There are certain buildings in Brockton that I have come to know and hate as the worst places to live. These buildings are old and incredibly run down. They usually smell bad, some are visibly falling apart, and are just generally depressing. Rooming houses- as they are called- are basically really awful dorms for adults. You pay for one room which has a twin bed and sometimes a kitchenette. While to younger people, a shared bathroom might sound like a fun way to meet new people, I can assure you this is not the case for these people. One of the worst parts about it all is that the residents are often older people with bad health; but because of their financial situation that is all they can afford.

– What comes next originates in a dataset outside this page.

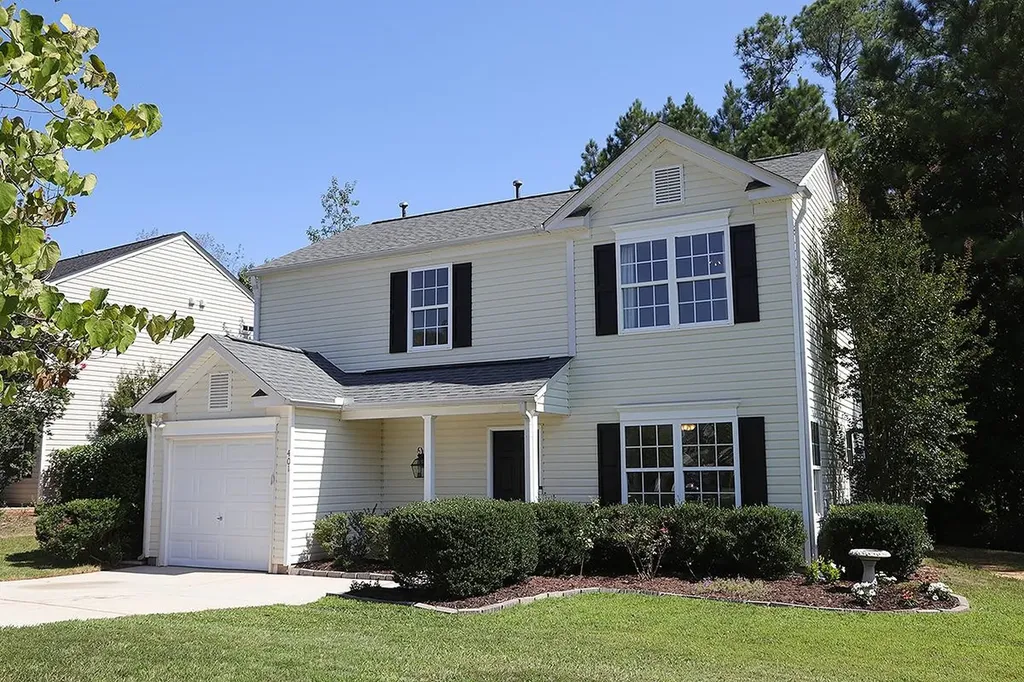 401 Beverstone Drive Holly Springs NC 27540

So as I said, I have come to know and hate these places. They hurt my heart and make me worry about the people that live there. The single redeeming quality I have found in these buildings is the community created within them. While there are people that don’t get along, generally I see people looking out for each other. Opening doors so we can drop off food, making calls to help lines or going to doctors visits together. Unfortunately that is not what I saw at my first food delivery on Tuesday.

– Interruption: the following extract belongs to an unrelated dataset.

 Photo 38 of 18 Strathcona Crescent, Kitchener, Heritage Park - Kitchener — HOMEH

This was my first time to this specific building, although we had served this client before at different locations; we’ll call the client Matt. Matt is very sweet and while he may have some mental health or addiction issues; it is not my job to decide if he needs help. If he calls, then we come. It’s that simple. So Tuesday I find myself standing at the front desk of his building waiting for Matt to come down to let us in and I met the most unpleasant woman working the front desk; well call her Sarah. Sarah blatantly insulted Matt in front of the crew of people delivering food to him. She was speaking to another person in the lobby, maybe an employee or maybe a tenant. She talked about how Matt doesn’t pay his bills and how he gets help from the local pantries often. I don’t know if Sarah was a tenant working through a work placement program or a professional in social services. I don’t know if Sarah and Matt have a history.

Whatever her position or their relationship, it was really disappointing to hear how people regard people that need help. The stigma that goes with asking for help has got to be the worst part about poverty. There is this idea that being poor is your fault. That if you worked harder it wouldn’t have happened to you. That you’re just lazy and want free handouts. Sure, that may be the case for some people. I won’t assume that everyone is as altruistic as we may hope, but I know that is not the majority.  I personally make about 30 food deliveries a week and each person I meet is grateful. That don’t know where else they would have gotten food. People show me the inside of their refrigerators with nothing but baking soda and butter in it.  Being poor is not anyone’s fault and it doesn’t make you a bad person.

I am a big fan of Humans of New York and I would invite you to read this man’s story. This really speaks to the challenges of poverty. It’s so much more than not being able to buy whatever you want.

So be nice to people. Don’t make assumptions. Even if they drive a nice car. Even if they have nice clothes. Even if they have drug or alcohol addictions. Just be nice.